Serbie : le grand incendie du camp rrom du pont Gazela de Belgrade

Publié le par sceptix

Mise en ligne : mardi 10 février 2009

Dans la nuit du 3 au 4 février, un incendie a ravagé le camp rrom situé sous le pont d’autoroute de Gazela, dans le centre de Belgrade. Pauvreté, violence, exclusion, les habitants de Gazela témoignent de leurs conditions de vie, alors que l’on évoque depuis longtemps une déplacement du camp pour reconstruire le pont. Au lendemain de l’incendie, la mairie de Belgrade a annoncé la fermeture du camp d’ici le 31 août au plus tard. Les habitants seraient relogés loin du centre. Un reportage du Courrier de la Serbie.

Par Marko Tasić

Le Camp de Gazela sous l’autoroute
© www.beogradgrazela.net

Dans la nuit du 3 au 4 février 2009, un incendie a ravagé un des bidonvilles rroms situés sous le pont autoroutier Gazela, près de la gare centrale de Belgrade. Deux jours plus trad, la tension est encore palpable. Au-delà du sinistre, les gens ont du mal à retenir leur colère face à leurs conditions de vie. De chaque côté du pont, les langues se délient et les témoignages sont d’une franchise étonnante.
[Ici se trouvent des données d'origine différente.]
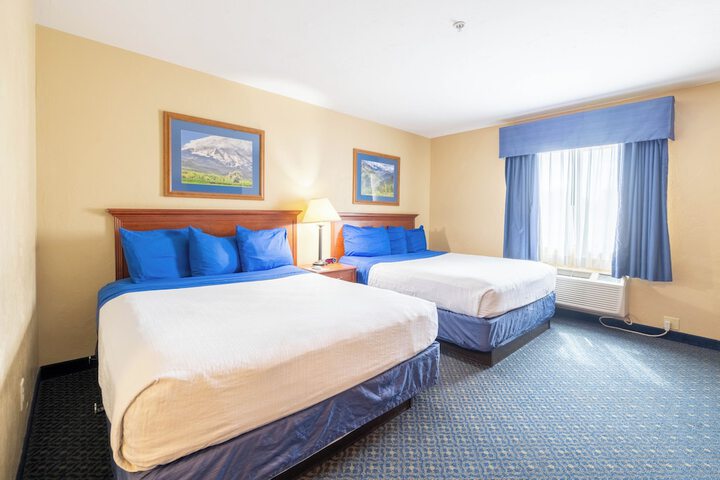 Blue Mountain Inn & Suites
Premier arrêt dans le camp de la rue Braća Krsmanović. Pas de doute, les Rroms veulent parler, parler de leur vie, de ce qu’ils ont sur le coeur. Un homme, la cinquantaine, voix rauque et barbe fournie, insiste pour raconter son histoire. « Je suis Dini Kamberović, je viens de Vranje. Là-bas, la vie est encore plus triste qu’ici. Je travaillais pour l’entreprise CZP en tant que soudeur avant de me faire licencier. À Vranje, je possède une petite maison en briques. Nous sommes six dans la famille mais je suis le seul à travailler. Mon fils aîné a du mal à trouver un emploi car il n’a pas été à l’école. En Serbie, nous les Rroms, nous sommes perçus comme des gens à part. On nous considère comme des voleurs.
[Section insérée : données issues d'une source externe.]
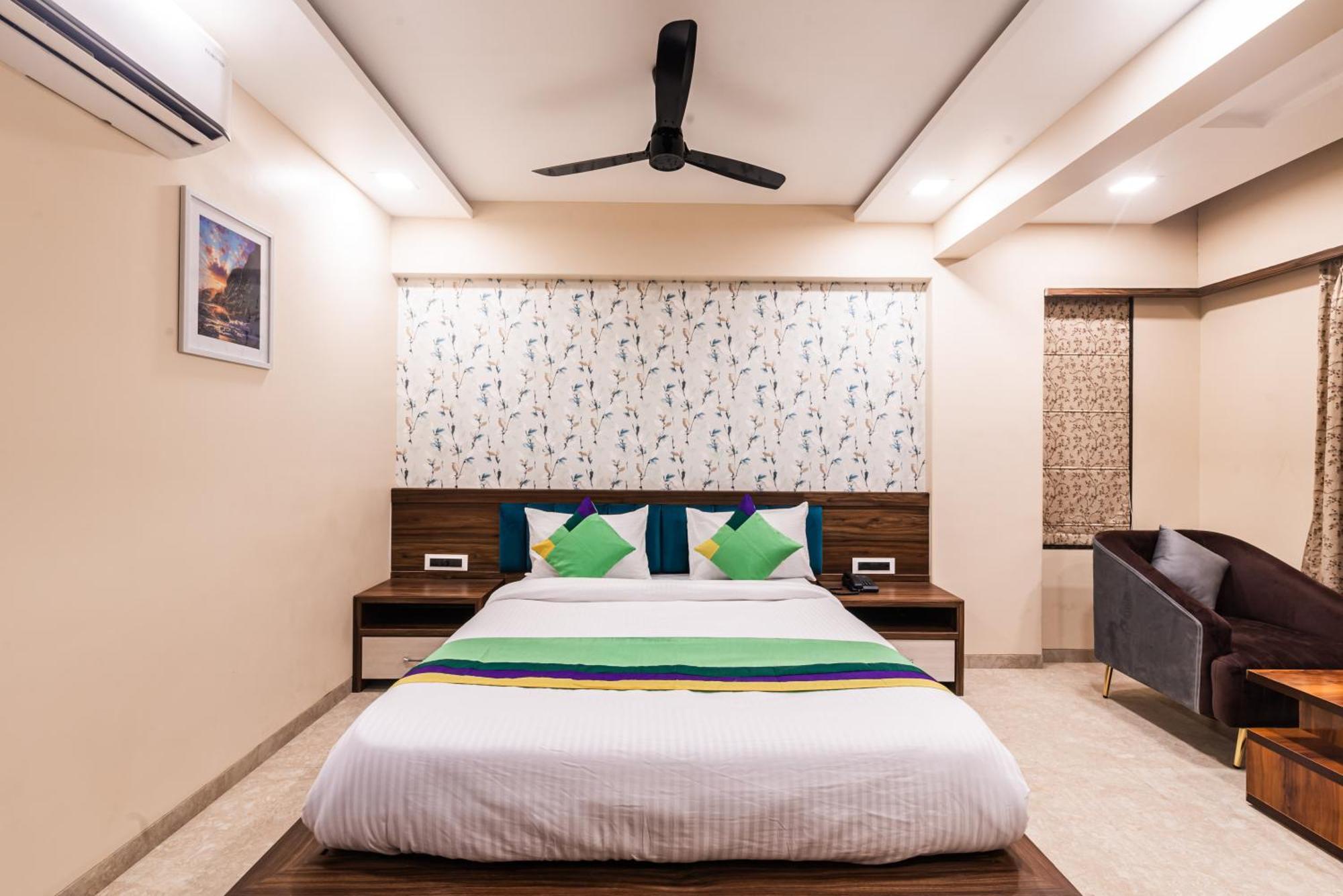 Lemon Wood Suites Pune Eksteriør billede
Cela fait maintenant huit ans que je vis à Belgrade. J’ai été obligé de venir ici car il n’y avait aucune perspective d’avenir pour moi à Vranje. La seule chose que je pouvais faire c’était de tuer, de voler, de faire le mal, mais je ne suis pas comme ça, je veux vivre honnêtement. Seulement si la situation empire, si j’en arrive à ne plus pouvoir nourrir correctement mes enfants, à ne plus pouvoir les soigner, je devrais sans doute faire des choses illégales. Et ça, ce n’est pas acceptable !

Nous avons un représentant, mais il ne défend pas nos intérêts. Je ne l’ai jamais vu ici. Il fait semblant de s’occuper de nos problèmes, seulement l’argent qu’il reçoit des organisations humanitaires étrangères, on ne le voit jamais. Nos conditions de vie ne s’améliorent pas. On nous avait promis des cuisinières mais nous ne les avons pas reçues. De l’autre côté du pont, il paraît qu’ils ont eu des vivres et des équipements. Là-bas, ils sont plus nombreux et plus riches qu’ici. »

Pour en savoir plus, écoutez le reportage audio de notre correspondant :

MP3 - 1.6 Mo

De l’autre côté du pont, rue Vojvode Misić, le bidonville a été victime de l’incendie. Deux Rroms écoutent de la musique en buvant de la rakija. L’un deux, visiblement éméché, s’agace lui aussi de sa situation : « Moi c’est Voja. Je vis ici depuis quatorze ans. Regardez dans quelles conditions nous vivons. Nous n’avons ni l’eau ni l’électricité. Des fois, me vient l’idée me pendre. J’ai une femme, six enfants, cinq petits enfants. Je ne sais pas comment subvenir à nos besoins. Des souffrances, toujours des souffrances. J’espère que Dieu nous aidera. »

« L’incendie a été un enfer. De nombreux papiers administratifs, des passeports, des actes de naissance mais aussi des billets sont partis en fumée. En hiver, les gens font du feu dans leurs baraques pour se réchauffer. Une d’entre elle s’est embrasée, puis le vent a fait son travail. L’incendie a détruit une dizaine d’habitations au total. Comme elles sont faites de carton, je vous laisse imaginer la rapidité avec laquelle elles ont brûlé » raconte Hasim, le voisin de Voja.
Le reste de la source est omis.